Tracking Weight and What You Eat with Twitter

I’m sure this will come as no surprise to all of you, but personal data collection fascinates me. I love playing with data and when it’s about me, all the better. Daytum and mycrocosm are two applications that let you do this; although each have somewhat different goals. Daytum is sort of like a financial report for your life (ala Feltron) while mycrocosm is more of an experiment in communication and social media. They do both, however, have an underlying goal, whether implicit or explicit, of understanding yourself better. Do Daytum and mycrocosm help you understand yourself better? At some level, yes, but both have room for improvement. Here is my attempt #1 to improve on these existing systems.

Sacrificing Specificity for Flexibility

Daytum and mycrocosm let you start your own personal tracking for whatever data fit into a pie chart, bar graph, line chart, or a list i.e. Google Charting API. This is fine, and can very well be useful, but after a little while (like after a week), I got bored, and haven’t done much with the two apps since. But why?

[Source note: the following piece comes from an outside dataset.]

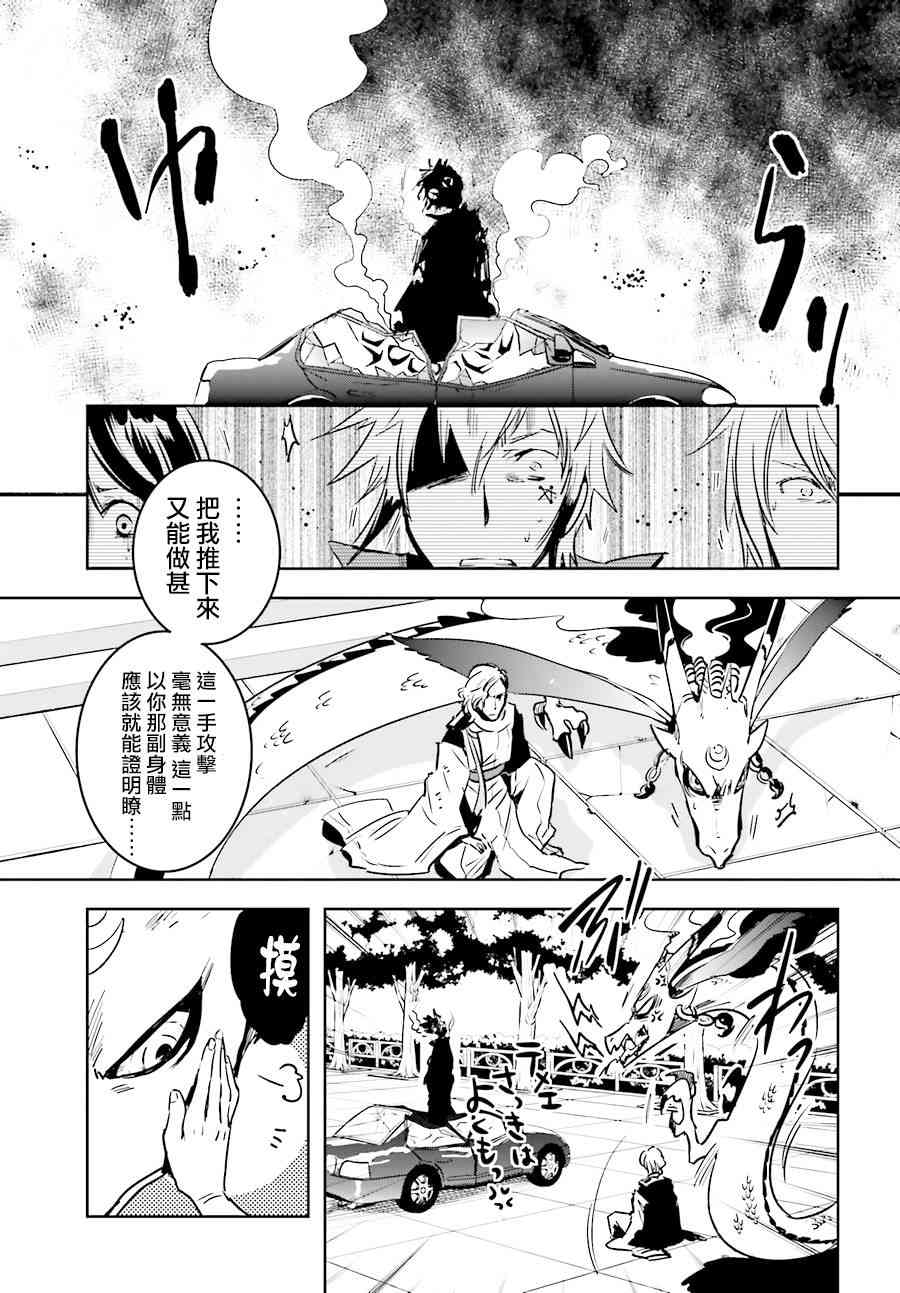 《东京乌鸦》漫画最新章节第50话免费下拉式在线观看章节第【19】张图片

I think it was because mycrocosm’s charts are so basic that I wasn’t getting anything out of it. I was just collecting data for the sake of collecting it. On the other hand, Daytum does at least allow a little bit (albeit, a very little bit) of interaction and is better designed on the frontend. There’s no way to enter data via SMS with Daytum though (mycrocosm does), so my data entry was pretty sparse…and so began my own experiment.

Borrowing Lessons from Self-Experiments

Not quite satisfied with what I had available, I created my own self-surveillance bot to try to figure out what my ideal mycrocosm or Daytum might look like. I happened to just finish reading Seth Roberts and Allen Neuringer‘s paper on self-experimentation in which they identified 6 lessons learned from their own self-experiments:

  1. Measure something you care about
  2. Make data collection and analysis as easy as possible
  3. Taking more than one measure is usually worth the trouble
  4. Make graphs
  5. Communicate your ideas
  6. A flawed experiment is better than none

These lessons seemed like a good place to start, so I loosely used them as a base for my own self-surveillance.

Tracking Weight and Foooood

I’ve gained about 15 pounds since I started graduate school – largely in part from sitting in front of a computer all day, snacking, and not exercising over the past four years. Yeah, that’ll do it to you. Shocking, I know. So weight is certainly something I care about. That covers lesson one.

Now for lesson 2: make data collection and analysis easy. I chose Twitter as my data entry point. I use Twitter already (especially with my new phone with the QWERTY keyboard), so it wasn’t a huge burden to start tweeting what I eat. I created my own Twitter bot and created my own basic language. When I consume something, I send a direct message to my bot, and when I weigh myself, I tell my bot how much I weigh. Since all of this is via Twitter, I have multiple points of entry – mainly mobile phone and computer. My bot then of course sticks everything into a database. Tada, I now have data that I can run analysis on.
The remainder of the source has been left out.